1. Lieber ein Ende mit Schrecken. Wer glaubt im Ernst, dass der neue Flughafen jemals funktionieren wird? Im Vergleich zu den bisherigen Flughäfen wird die Zahl der Check-in-Schalter von 186 auf 94 fast halbiert, es gibt für alle Abflüge nur 30 Sicherheitsschleusen, zum großen Billigflieger-Terminal führt bloß ein schmaler Durchlass. Schon bei seiner Eröffnung würde der Airport hart an der Kapazitätsgrenze operieren, und die Erweiterungsmöglichkeit wären viel zu beschränkt: Neue Gates könnten nur mitten auf dem Flugfeld entstehen, Passagiere müssten dann unterirdisch dorthin gelangen. Und das sind nur die Schwierigkeiten, die jetzt schon jeder Laie auf den ersten Blick erkennt. Im Vergleich dazu sind die zusätzlichen Baracken-Terminals auf den beiden alten Flughäfen noch komfortabel. Die Eröffnung, selbst wenn sie nach immer neuen Verschiebungen irgendwann zustande kommt, wäre nur der Auftakt zu weiteren Pannen - ein Schrecken ohne Ende.
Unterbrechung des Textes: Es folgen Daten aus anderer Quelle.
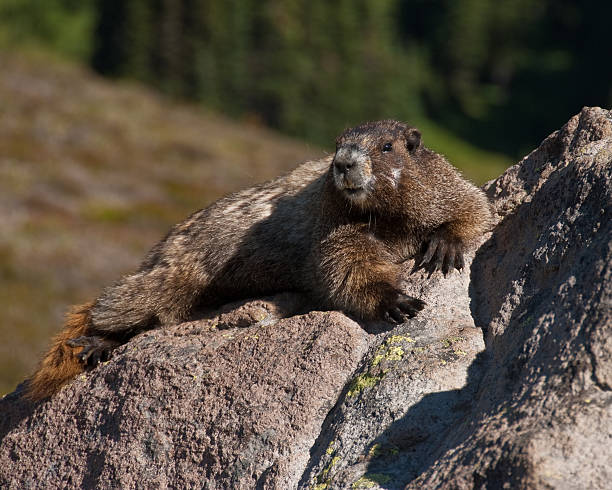 Hoary Marmot Sunning on a Rock This Hoary Marmot (Marmota caligata) is sunning on a rock in the Skyscraper Pass area at Mount Rainier National Park, Washington State, USA. jeff goulden marmot stock pictures, royalty-free photos & images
2. Tegel ist besser. Schon jetzt atmen viele Berliner erleichtert auf: ein Glück, dass wir noch ein paar Monate vom alten Flughafen starten können. Aber warum dann nicht für immer? Der Airport aus dem Jahr 1974 ist nicht nur zentrumsnah. Er ist für die Passagiere auch sehr praktisch. Mit dem Taxi direkt vors Gate, Sicherheitskontrollen ohne lange Wartezeiten - und dann direkt zum Boarding auf einem Weg, der nicht in Schlangenlinien durch einen Duty-Free-Shop führt. Damals bauten die Architekten keine Shopping Mall, sondern einen Flughafen. Und einen schönen noch dazu: Design der Siebziger vom Feinsten, von den abgerundeten Türgriffen bis zu den Wasserhähnen, nur den alten Boden in der Tegel-typischen Sechseckform hat man leider entfernt. Nicht mal der Lärm, unter dem die Anwohner in Pankow leiden, spricht gegen Tegel. Denn der neue Großflughafen wurde so dicht an der Stadt geplant, dass die Probleme dort die gleichen wären.
3. Berlin bekommt nichts gebacken. Zugegeben, auch andernorts gibt es Probleme mit Großprojekten. Am Londoner Flughafen Heathrow streikte die Gepäckanlage, beim Kölner U-Bahn-Bau versank ein Archiv, die Hamburger Elbphilharmonie verzögert sich um Jahre und vervielfacht sich im Preis. Aber ist das ein Argument? In Berlin funktioniert noch nicht mal die S-Bahn, auch jetzt im Sommer nicht, man baute einen schicken Hauptbahnhof ohne U-Bahn-Anschluss und vergraulte das „Guggenheim Lab“ für die Stadt der Zukunft, nur weil es von BMW gesponsert wurde. Den Berlinern ist es recht. Sie glauben, dass sowieso nie etwas klappt - erst recht nicht, wenn „die da oben“ etwas organisieren. In diesem Glauben sehen sie sich gern bestätigt, alles andere würde ihnen nur schlechte Laune machen.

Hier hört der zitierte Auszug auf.